=== Data for analysis ===

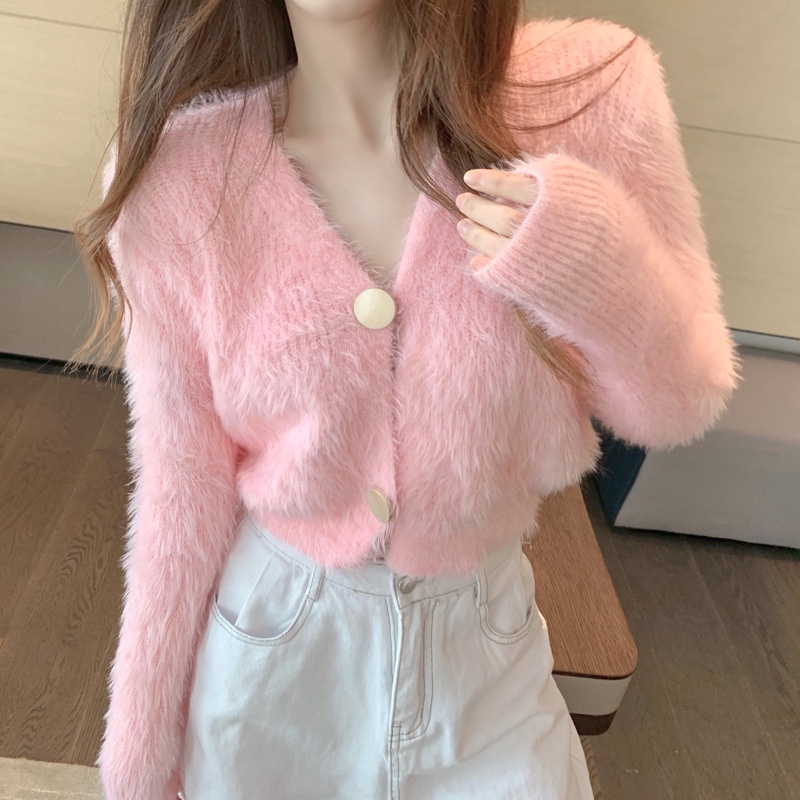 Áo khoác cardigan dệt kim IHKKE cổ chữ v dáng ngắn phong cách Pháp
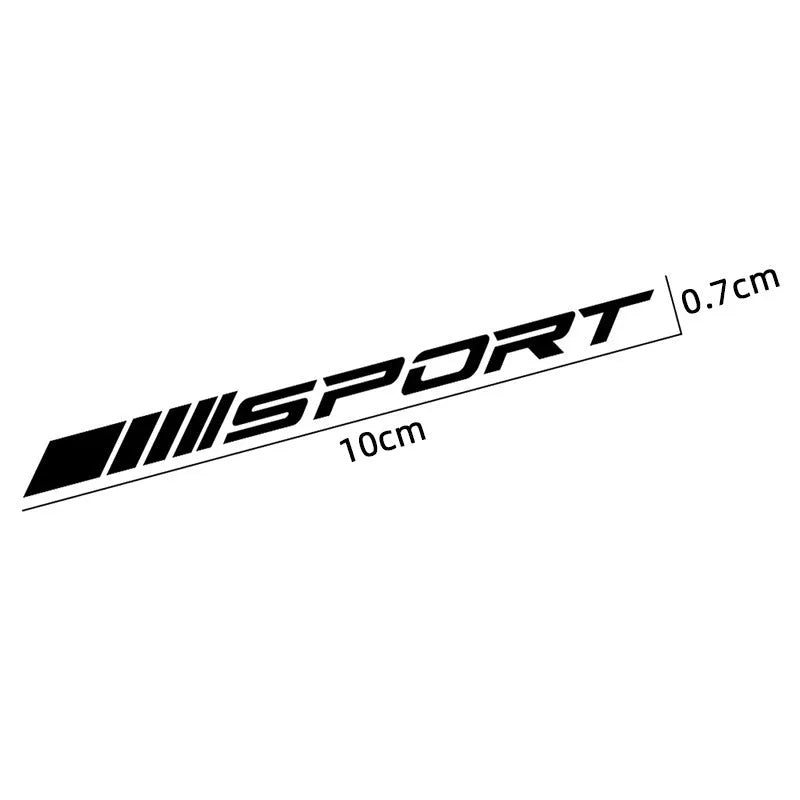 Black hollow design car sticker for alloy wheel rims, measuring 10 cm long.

---

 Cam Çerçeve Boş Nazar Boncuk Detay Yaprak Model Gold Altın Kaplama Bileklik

...

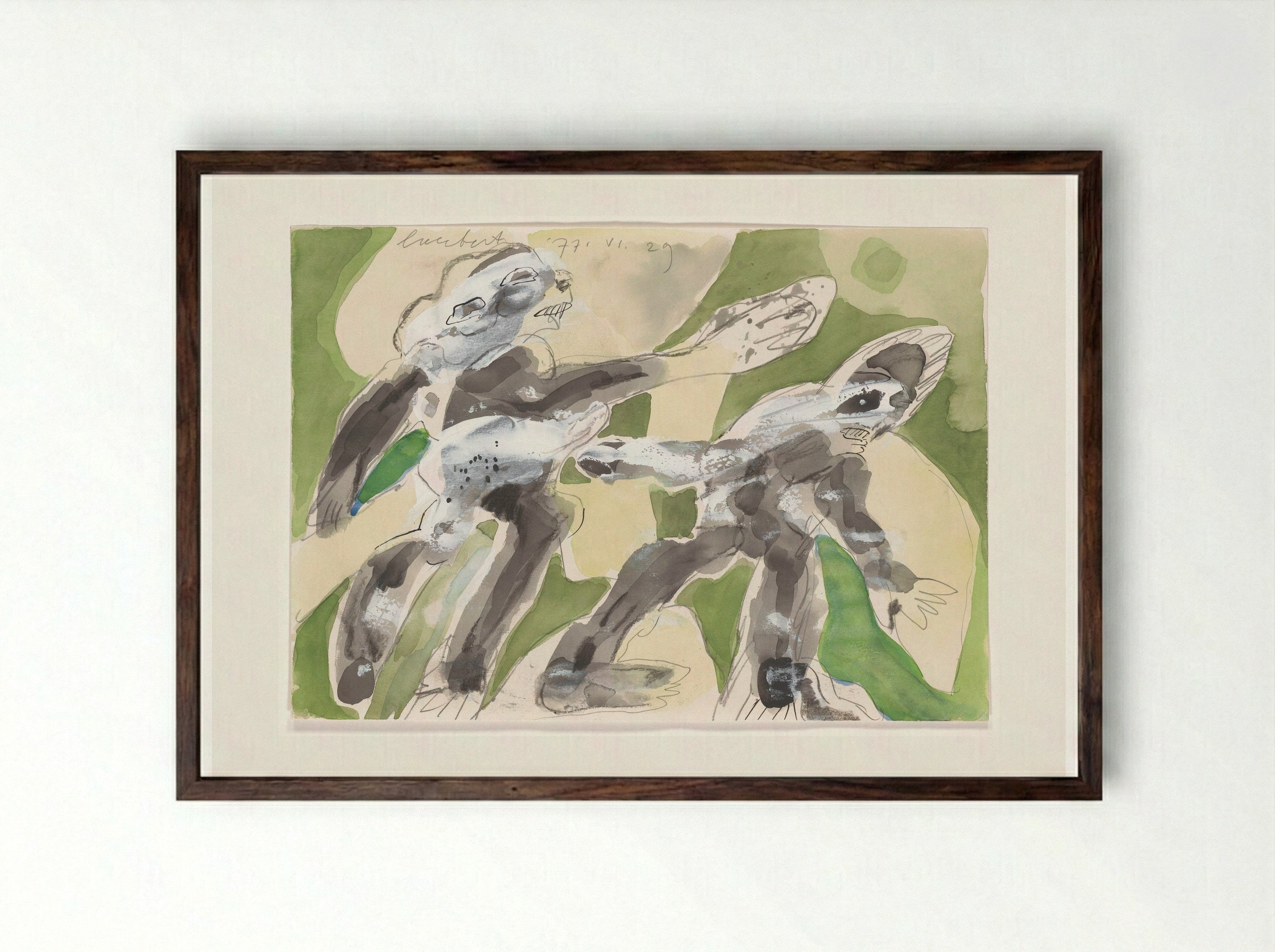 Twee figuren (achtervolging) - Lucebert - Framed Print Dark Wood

=== Task instructions ===
From the data above, retype only the lines starting with the line with "Áo khoác cardigan" and going on through the line with "Black hollow design", exactly, leaving out the pictures.

=== Answer to this task ===
 Áo khoác cardigan dệt kim IHKKE cổ chữ v dáng ngắn phong cách Pháp
 Black hollow design car sticker for alloy wheel rims, measuring 10 cm long.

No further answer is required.